*The task*
What follows is a set of records; restate each one word for word and drop the pictures.

*Information supplied*
Content starts
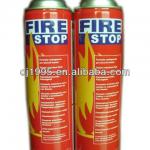 Wholesale for Tinplate can,aerosol Tinplate can,aerosol can manufacturing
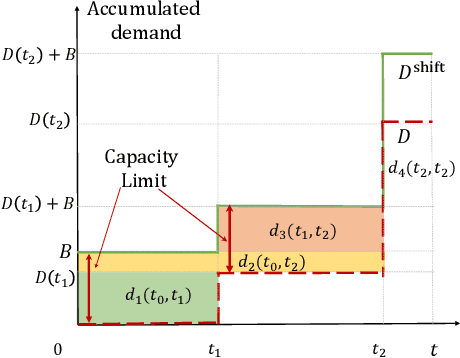 Figure 3 for A Data-driven Storage Control Framework for Dynamic Pricing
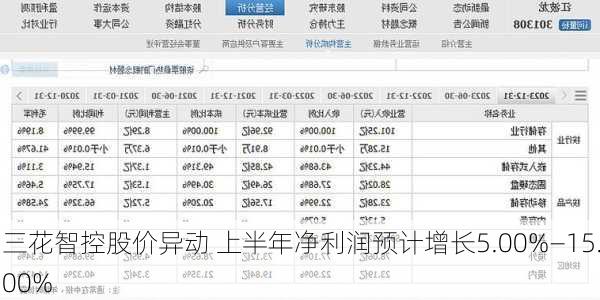 三花智控股价异动 上半年净利润预计增长5.00%—15.00%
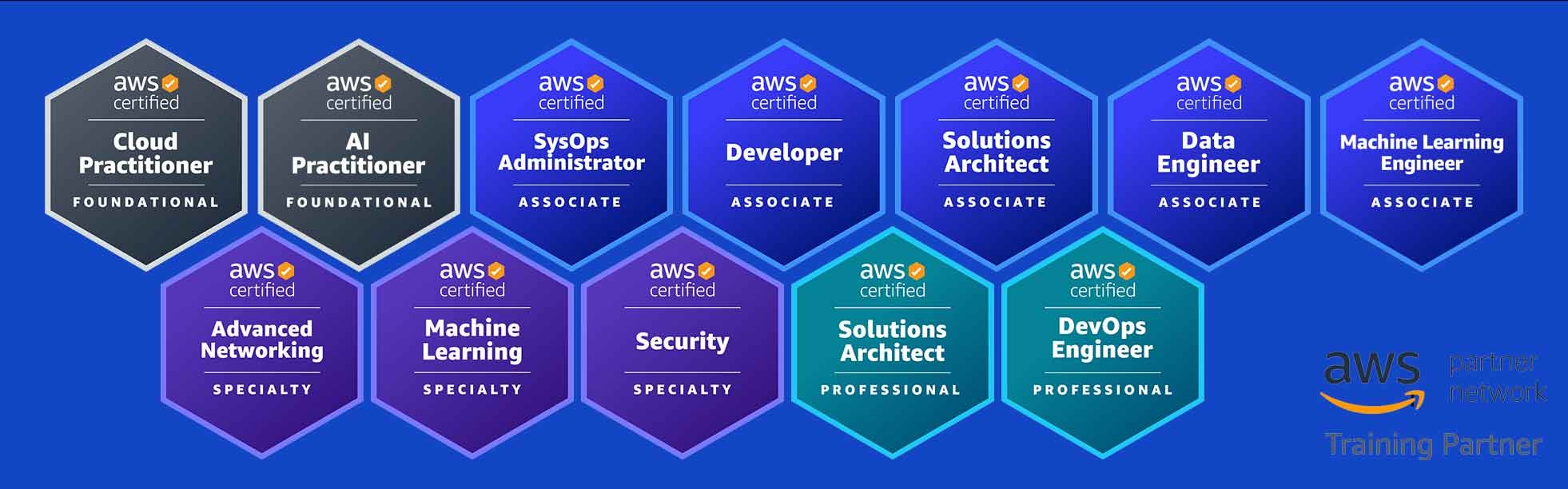 AWS Certification Exam Vouchers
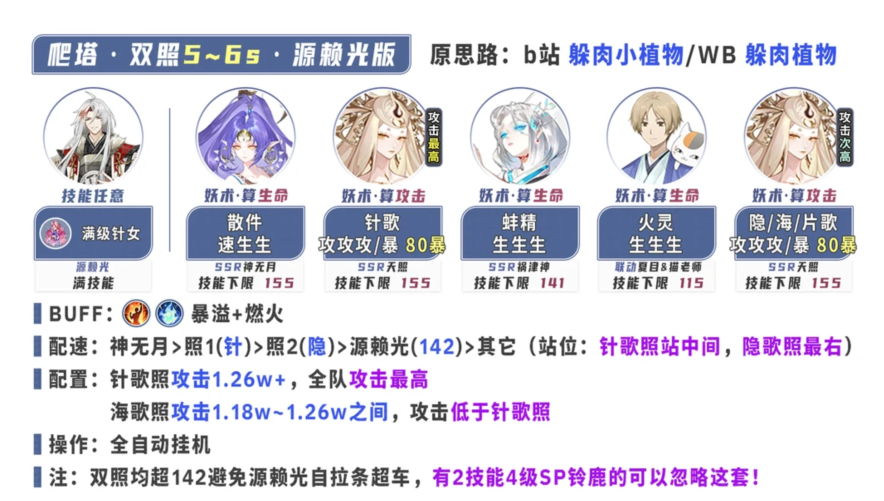 阴阳师狐梦之守SSR神无月活动阵容搭配推荐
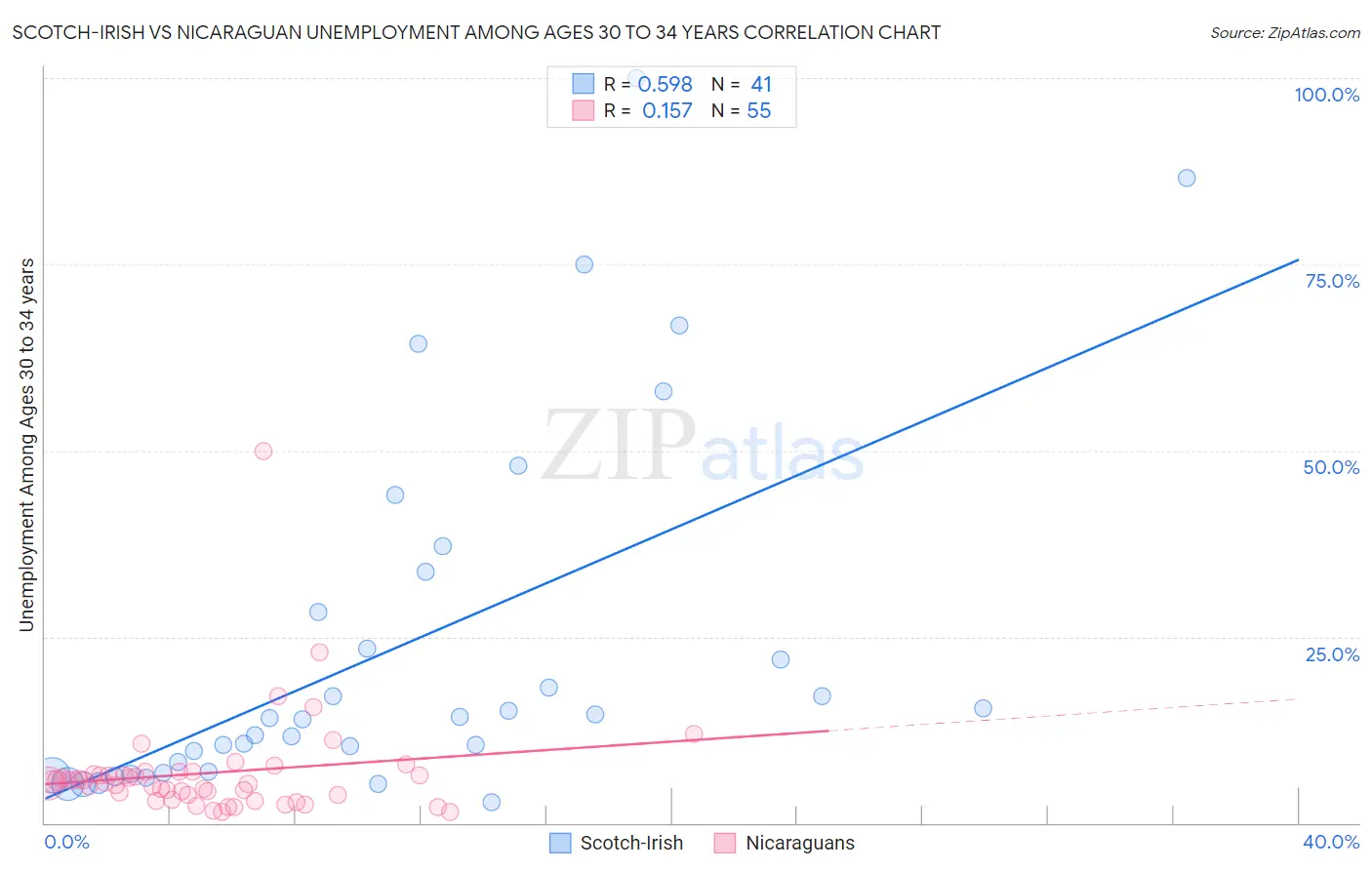 Scotch-Irish vs Nicaraguan Unemployment Among Ages 30 to 34 years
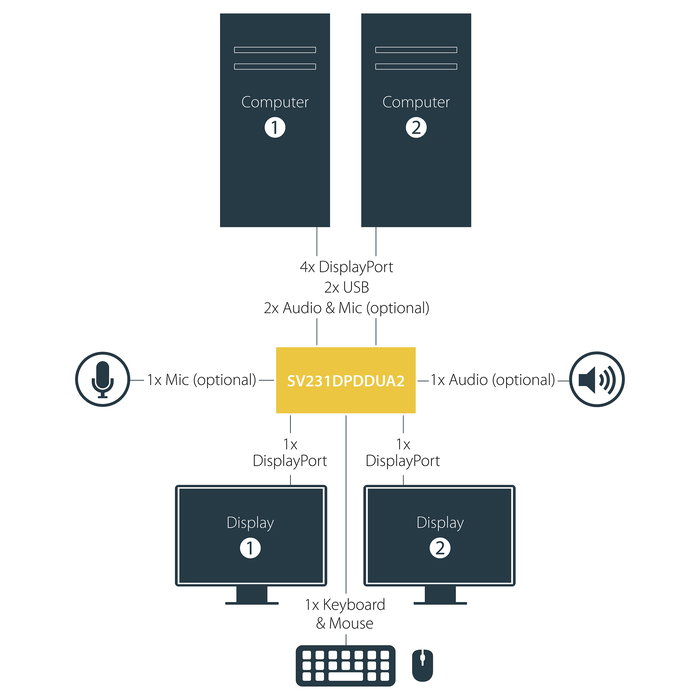 StarTech Switch KVM de 2 Puertos DisplayPort - Dual Monitor 4K 60Hz 3840 x 2160 - USB Hub 4 Puertos con Audio/Microfono - Conmutador para 2 PCs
Content ends
*Your solution*
 Wholesale for Tinplate can,aerosol Tinplate can,aerosol can manufacturing
 Figure 3 for A Data-driven Storage Control Framework for Dynamic Pricing
 三花智控股价异动 上半年净利润预计增长5.00%—15.00%
 AWS Certification Exam Vouchers
 阴阳师狐梦之守SSR神无月活动阵容搭配推荐
 Scotch-Irish vs Nicaraguan Unemployment Among Ages 30 to 34 years
 StarTech Switch KVM de 2 Puertos DisplayPort - Dual Monitor 4K 60Hz 3840 x 2160 - USB Hub 4 Puertos con Audio/Microfono - Conmutador para 2 PCs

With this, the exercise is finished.